Please retype every entry as written, and keep the pictures out.

Top of Exercise data

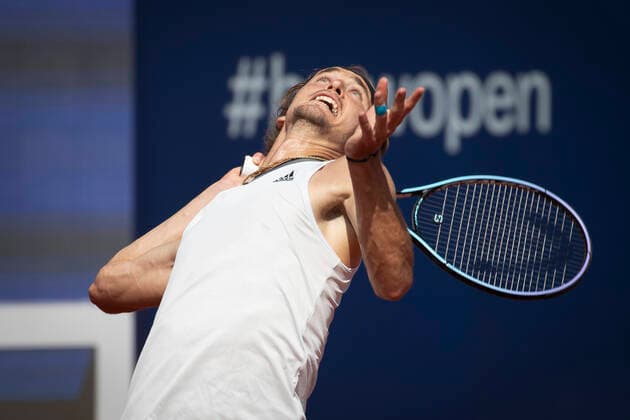 Alexander Zverev GER Tennis BMW Open 2021 ATP MTTC Iphitos Munich Germany 28 April 2021 Copyright: xJuergenxHasenkopfx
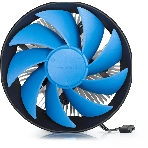 Кулер для процессора DEEPCOOL GAMMA ARCHER PRO V2 черный/синий, 120 мм, алюминий/медь, 1600 об/мин, 21 дБ, 4 pin, 110 Вт, 65.5 мм, фото5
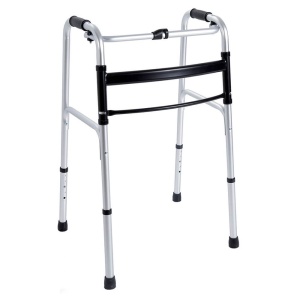 MORETTI RP730 - Cadru de Mers Pliabil Adulti, Aluminiu Anodizat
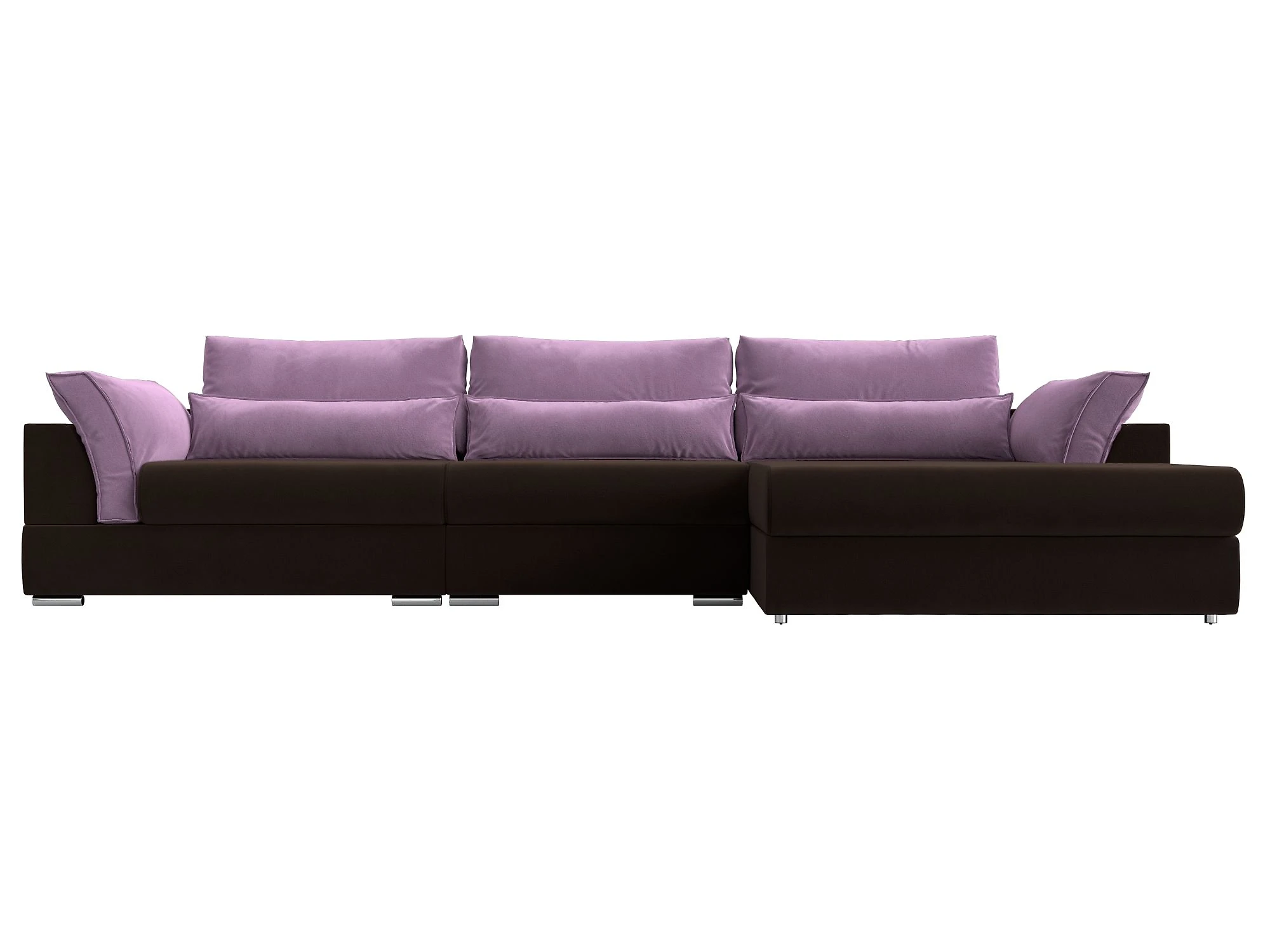 Угловой диван с правым углом Пекин Лонг Дизайн 21
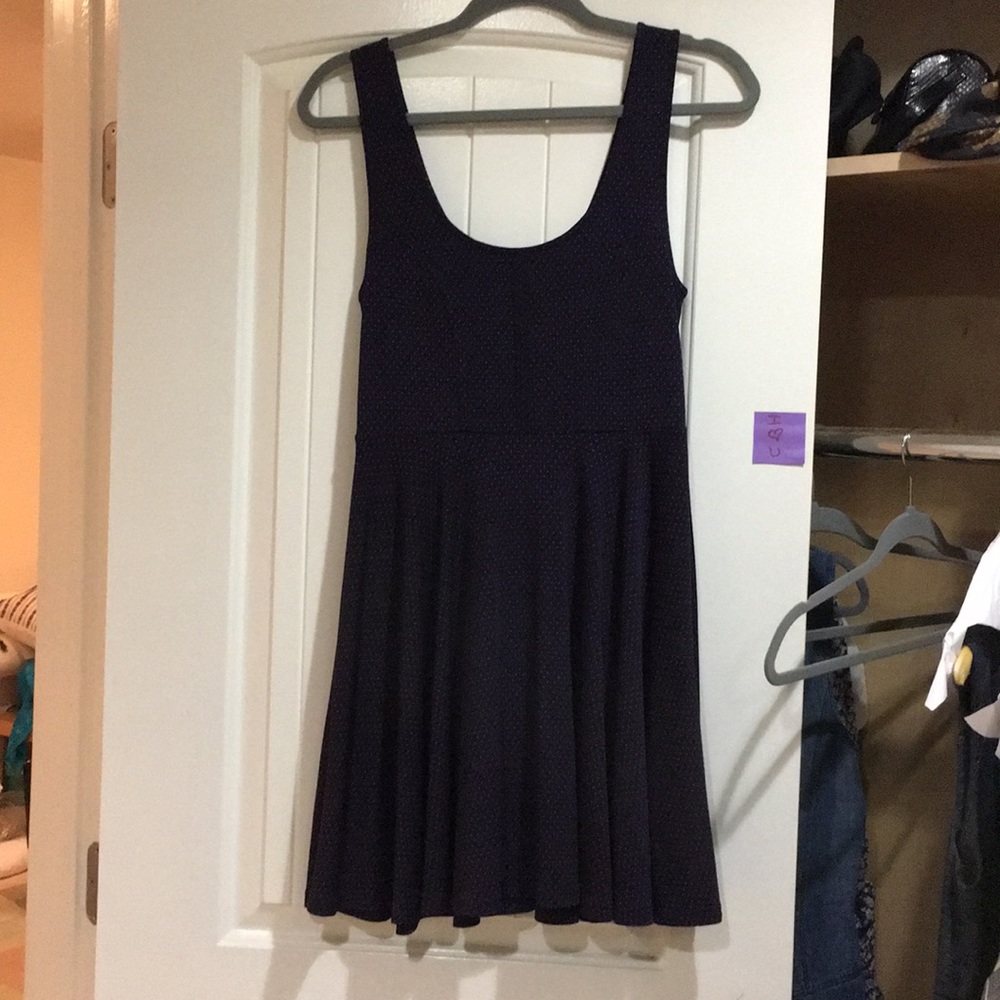 Free People small blue red polka dot dress - Picture 1 of 5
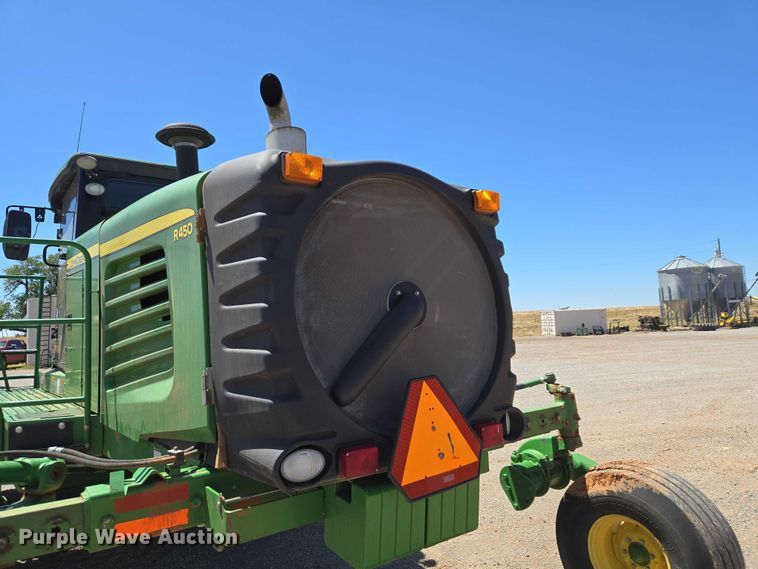image for item EW0137 2012 John Deere R450 swather / windrower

Bottom of Exercise data

[Output for this task]
 Alexander Zverev GER Tennis BMW Open 2021 ATP MTTC Iphitos Munich Germany 28 April 2021 Copyright: xJuergenxHasenkopfx
 Кулер для процессора DEEPCOOL GAMMA ARCHER PRO V2 черный/синий, 120 мм, алюминий/медь, 1600 об/мин, 21 дБ, 4 pin, 110 Вт, 65.5 мм, фото5
 MORETTI RP730 - Cadru de Mers Pliabil Adulti, Aluminiu Anodizat
 Угловой диван с правым углом Пекин Лонг Дизайн 21
 Free People small blue red polka dot dress - Picture 1 of 5
image for item EW0137 2012 John Deere R450 swather / windrower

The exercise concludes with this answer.